Ji Sung-ho revela que o Estado norte-coreano não ajuda pessoas que sofrem este tipo de lesões.
As muletas foram usadas durante 10 anos até chegar à Coreia do Sul, quando tinha 25 anos. Pelas suas mãos passaram muitas canadianas, que acabam partidas em comboios ou tiradas pela polícia.
Quando chegou à Coreia do Sul, pensou em atirá-las para o lixo. O serviço de inteligência do sul deu-lhe uma prótese.
"Os meus amigos dizem que eu preciso de me livrar as muletas e não pensar na Coreia do Norte."
Mas o homem admite que não se consegue livrar das peças de madeira.
"Existe muito amor dos meus amigos norte-coreanos e da minha família nestas muletas. Tenho umas novas, mas mantenho estas comigo para nunca esquecer."
Os diários das memórias passadas
Baek Hwa-sung fugiu de Sinuiju, na fronteira com a China, em 2003, e chegou à Coreia do Sul em 2008. O homem de 34 anos manteve um diário.
"Em 2004, comei a escrever todos os meus pensamentos num diário. Não sabia se ia ser apanhado. Queria apenas que soubessem de onde era e para onde queria ir."
Depois de fugir do norte, o homem entrou em depressão e escondeu-se durante algum tempo sozinho nas montanhas.

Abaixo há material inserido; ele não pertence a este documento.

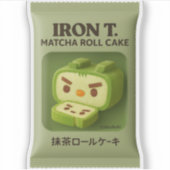 Iron T. Matcha Roll Cake: Japanse Snack Kunst Sticker (Voorkant)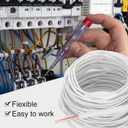 MECCANIXITY THHN Wire 14AWG 200 Feet Electrical Wire Insulated Solid Copper Rated up to 600 Volts for Residential Industrial Grounding Electrical, UL Listed, White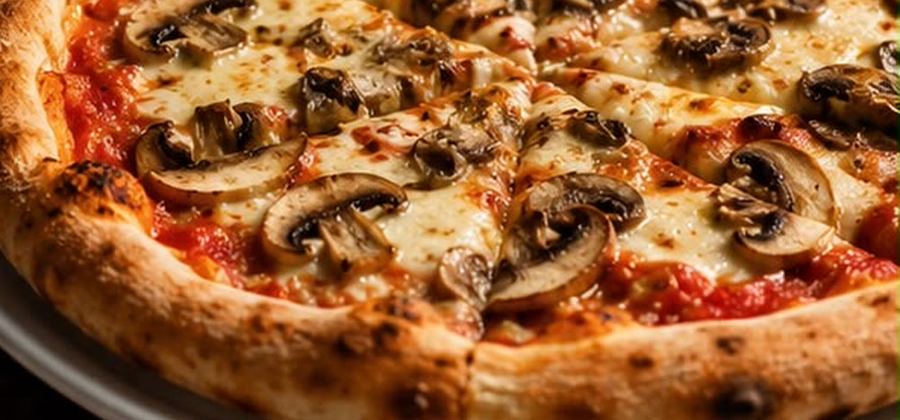 Pizza de horno de leña con champiñón y mozzarella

Admite que, várias vezes, sentiu que ia ficar maluco. Os diários são a prova da viagem da sua vida.
"Leio-os quando quero lembrar-me de casa. Às vezes esqueço-me do aniversário do meu pai, mas quando volto ao diário, o seu aniversário e o da minha mãe estão lá. Os meus diários são a recordação da minha vida. Eles provam que estou vivo."
A mãe que quer voltar
Kim Ryon Hui tem 49 anos e é de Pyongyang. Nunca quis desertar mas, em 2011, um agente ajudou-a a ir à China para receber tratamento para o fígado. De acordo com a mulher, o agente enganou-a e ela acabou na Coreia do Sul. Kim Ryon Hui está a fazer campanha para voltar, mas Seul diz que isso seria contra a lei.
"Tenho saudados dos meus pais e ainda mais da minha filha. São tudo para mim."
A mulher diz que o seu maior medo é que eles morram sem que ela tenha a oportunidade de voltar. Kim Ryon Hui e a filha têm trocado cartas e fotografias, através de uma prima que vive na China.
"Não quero que a minha filha viva a sua vida sem mim."
Ri Ryon Gum tem 25 anos e, quando era pequena, fazia Taekwondo.
"Ela queria envolver-se em operações de espionagem contra a Coreia do Sul. Ela era tão destemida."
Por isso, ficou tão surpresa quando descobriu que a filha se tinha tornado numa chef.
"Quando se mudou para a casa do pai, começou a cozinhar para ele. Ela decidiu tornar-se numa chef para cumprir o meu papel em casa. Fiquei muito triste quando soube disso."